Dataset items:
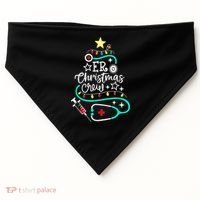 ER Christmas Crew Emergency Room Nurse ER Techs Secretary USA-Made Doggie Bandana thumb 0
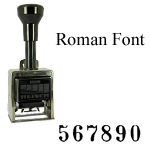 REI316 - Reiner 316, 6-Wheel Numbering Machine, Roman Font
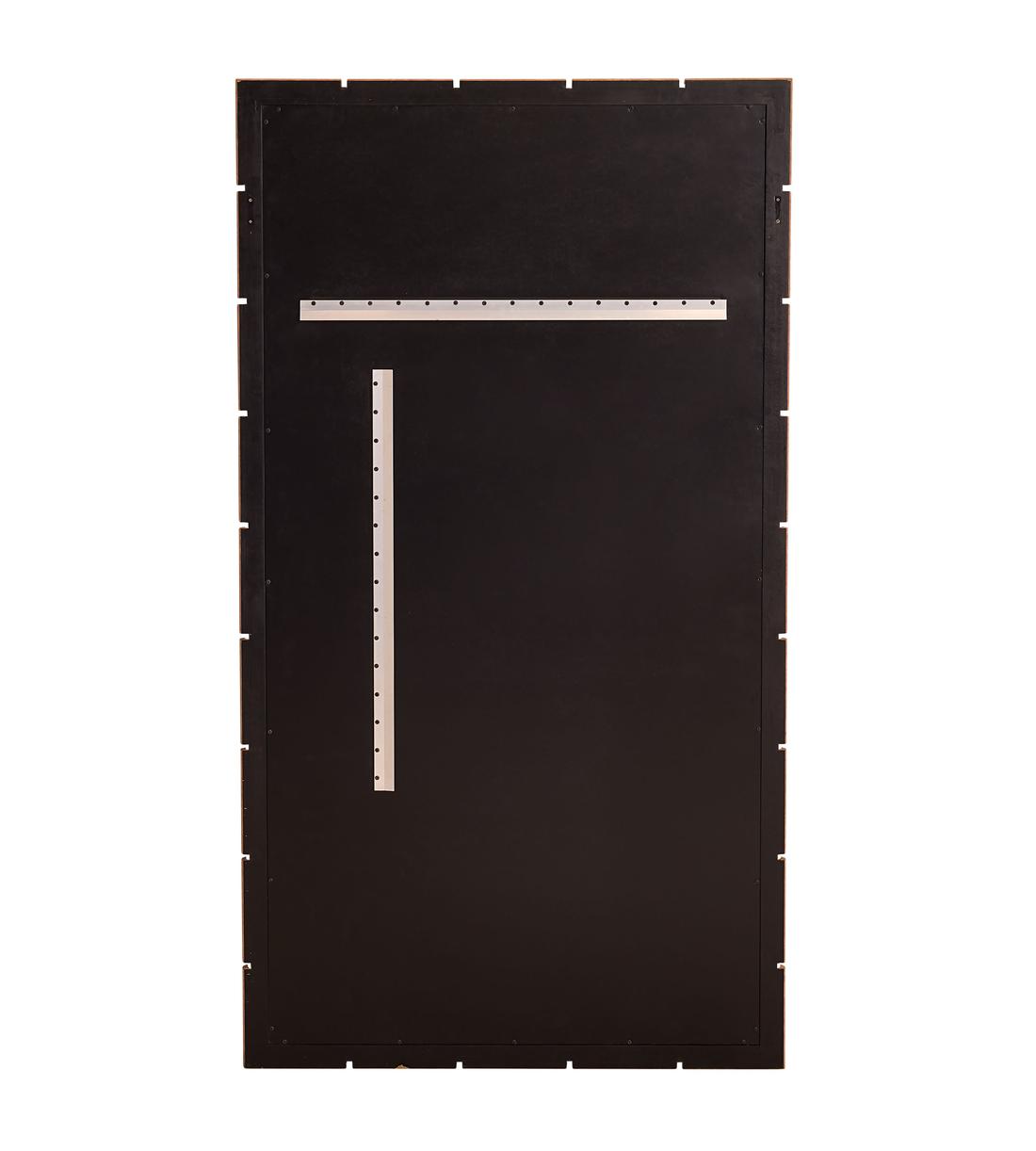 Furleigh Floor Mirror - Burl - Images - Image 5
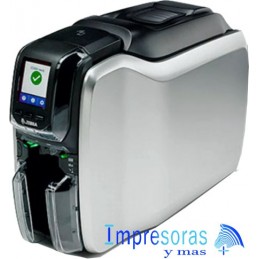 IMPRESORA DE TARJETAS ZEBRA ZC300 KIT 1 CARA LCD TARJETAS RIBBON SOFTWARE EDICION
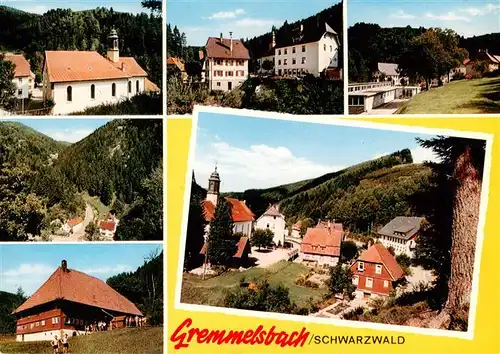 AK / Ansichtskarte  Gremmelsbach_Triberg Kirche Panorama Teilansichten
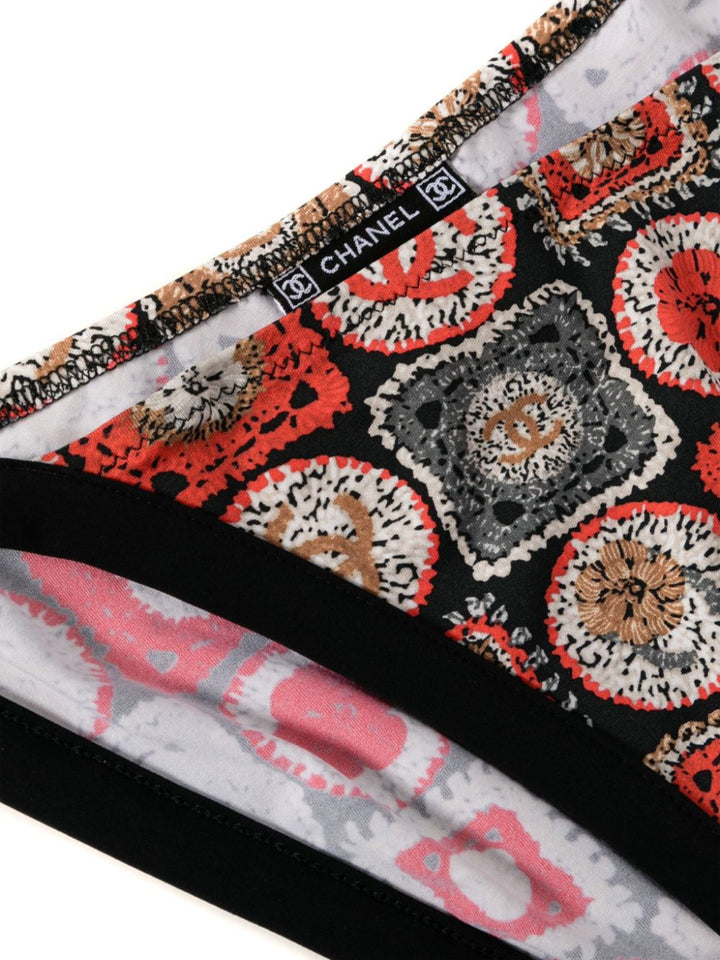 Chanel CC Print Triangle Bikini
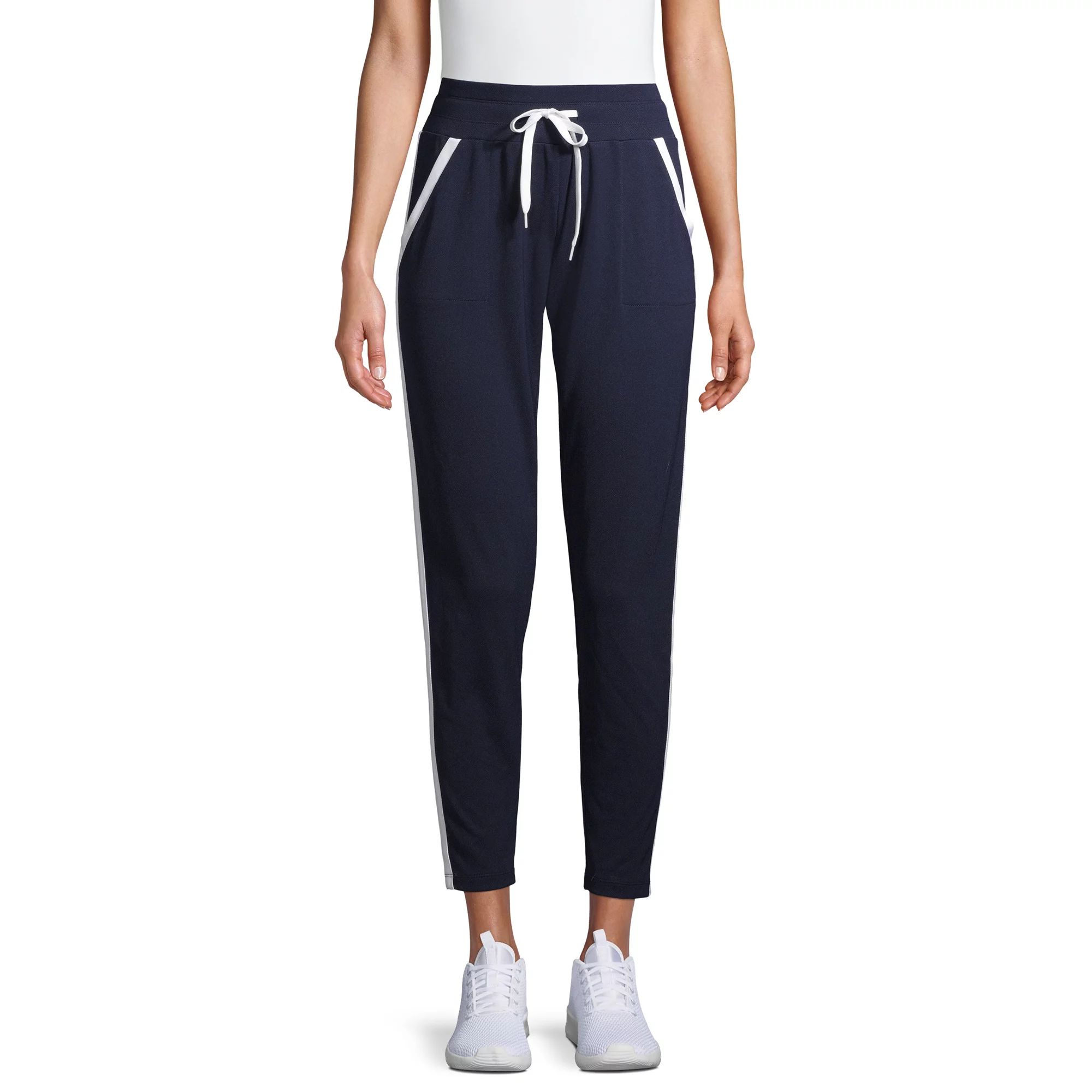 Athletic Works - Athletic Works Women's Athleisure Track Pants with Contrast Stripes - Walmart.co... | Walmart (US)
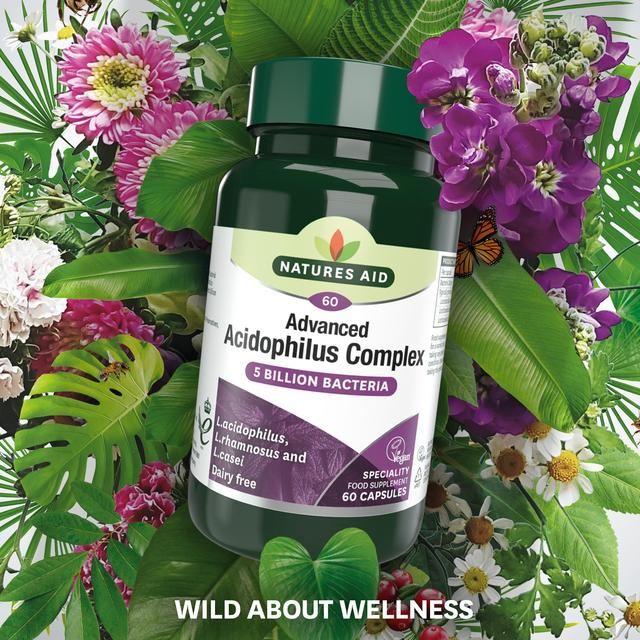 Natures Aid Advanced Acidophilus Complex Supplement Capsules    60 per pack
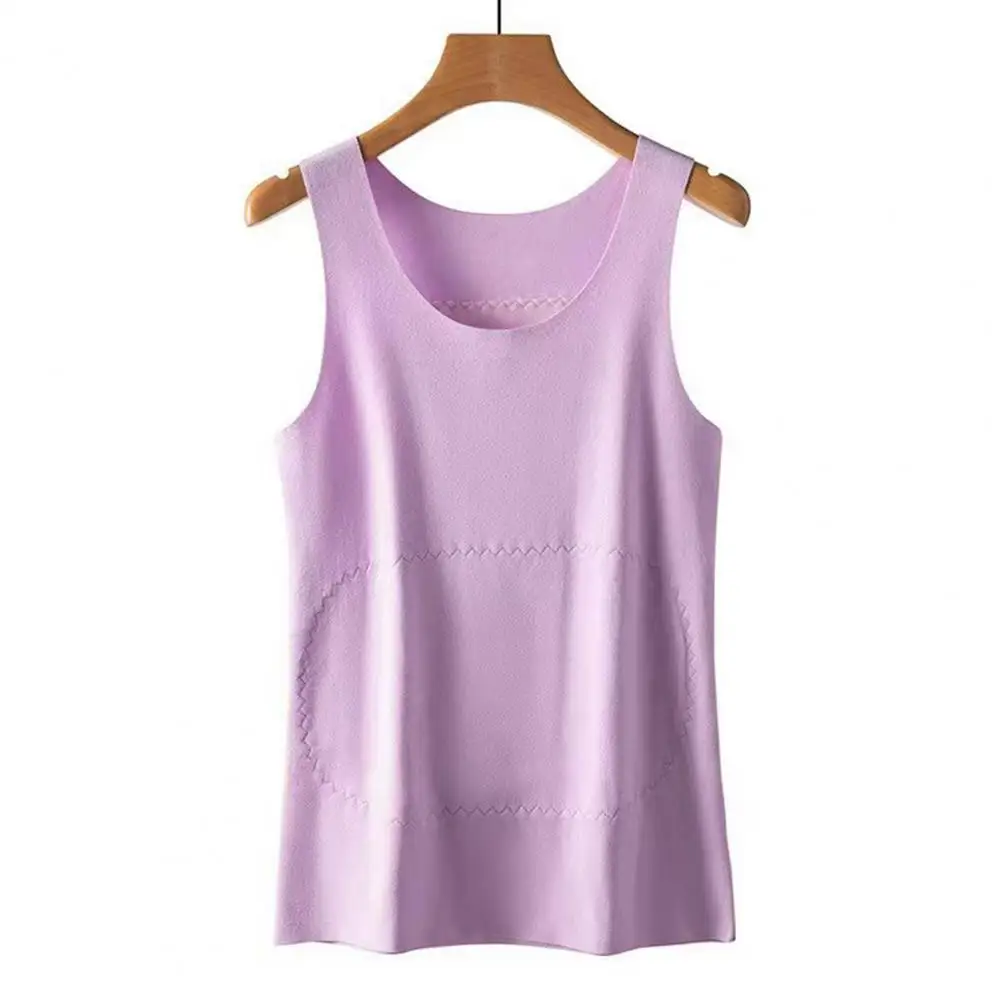 High-quality Polyester Fiber Vest Cozy Plush Tank Top for Women Winter Thermal Undershirt with Belly Back for Bedroom for Women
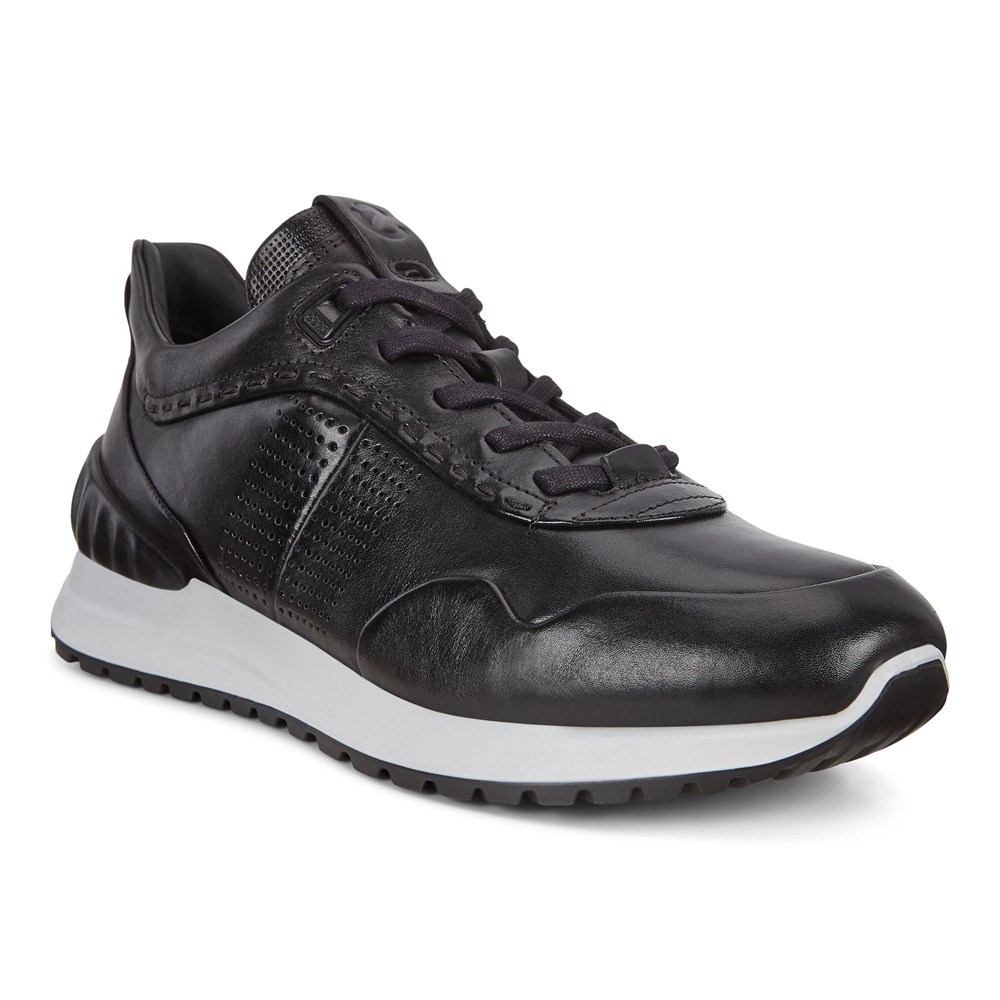 Tenis Hombre - ECCO Astir Embossed - Negros - PRV908714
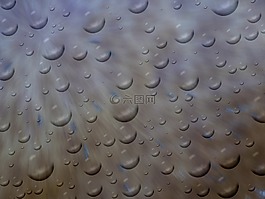 水滴,雨滴,棕色背景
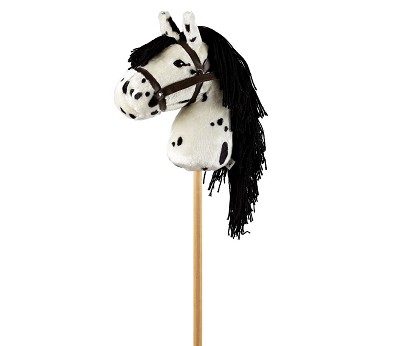Hobby Horse. White Spotted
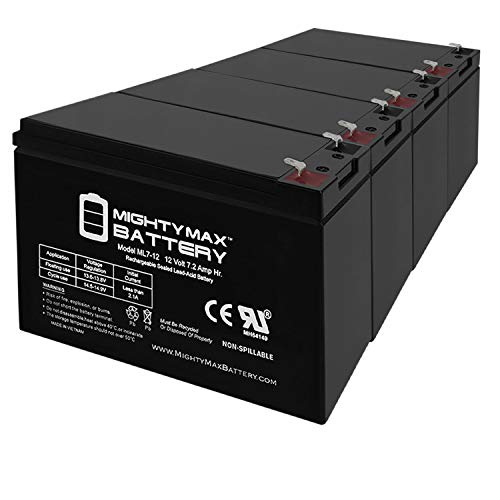 Mighty Max Battery 12V 7Ah SLA Replaces Exide Powerware 5115, FX2002, Plus 6-4 Pack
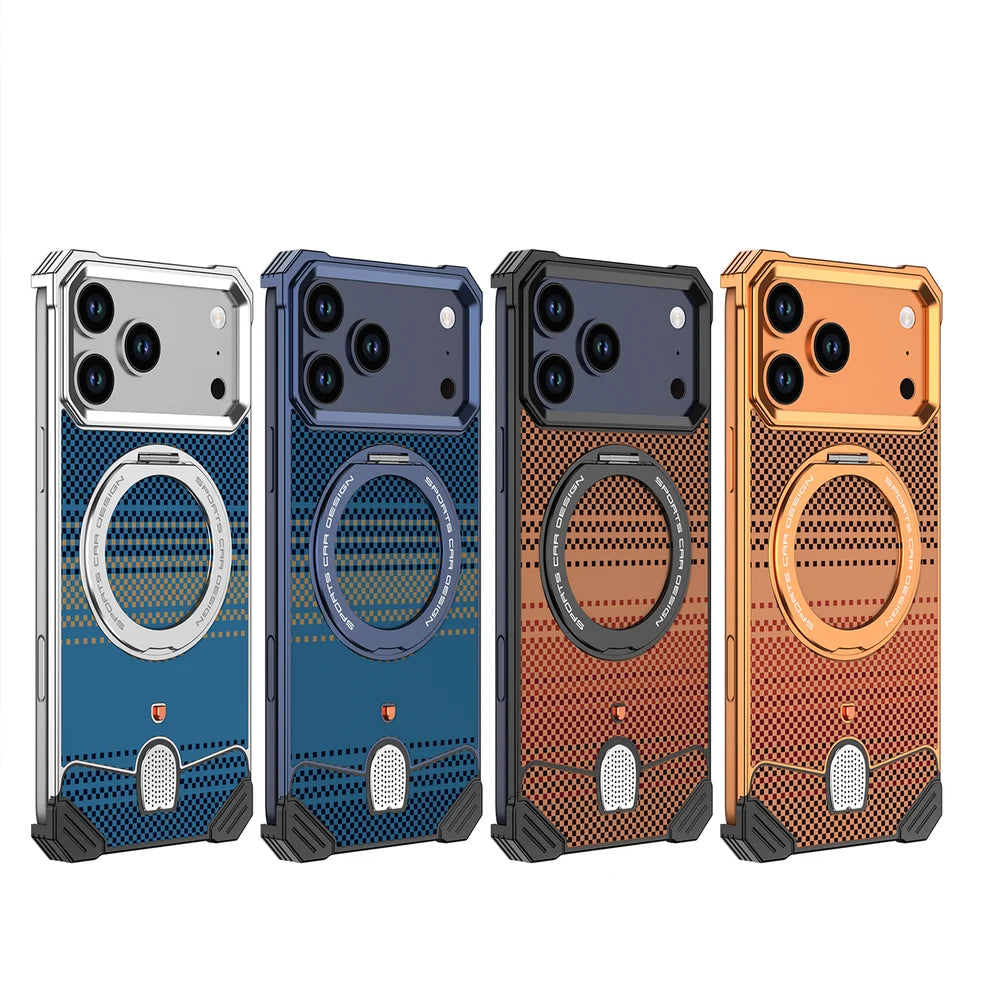 MetalKevlar Texture Hypercar Design Case For iPhone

» Prompt
When pictures appear among the entries, skip them and copy all remaining text precisely.

» Expected answer
 ER Christmas Crew Emergency Room Nurse ER Techs Secretary USA-Made Doggie Bandana thumb 0
 REI316 - Reiner 316, 6-Wheel Numbering Machine, Roman Font
 Furleigh Floor Mirror - Burl - Images - Image 5
 IMPRESORA DE TARJETAS ZEBRA ZC300 KIT 1 CARA LCD TARJETAS RIBBON SOFTWARE EDICION
 AK / Ansichtskarte  Gremmelsbach_Triberg Kirche Panorama Teilansichten
 Chanel CC Print Triangle Bikini
 Athletic Works - Athletic Works Women's Athleisure Track Pants with Contrast Stripes - Walmart.co... | Walmart (US)
 Natures Aid Advanced Acidophilus Complex Supplement Capsules    60 per pack
 High-quality Polyester Fiber Vest Cozy Plush Tank Top for Women Winter Thermal Undershirt with Belly Back for Bedroom for Women
 Tenis Hombre - ECCO Astir Embossed - Negros - PRV908714
 水滴,雨滴,棕色背景
Hobby Horse. White Spotted
 Mighty Max Battery 12V 7Ah SLA Replaces Exide Powerware 5115, FX2002, Plus 6-4 Pack
 MetalKevlar Texture Hypercar Design Case For iPhone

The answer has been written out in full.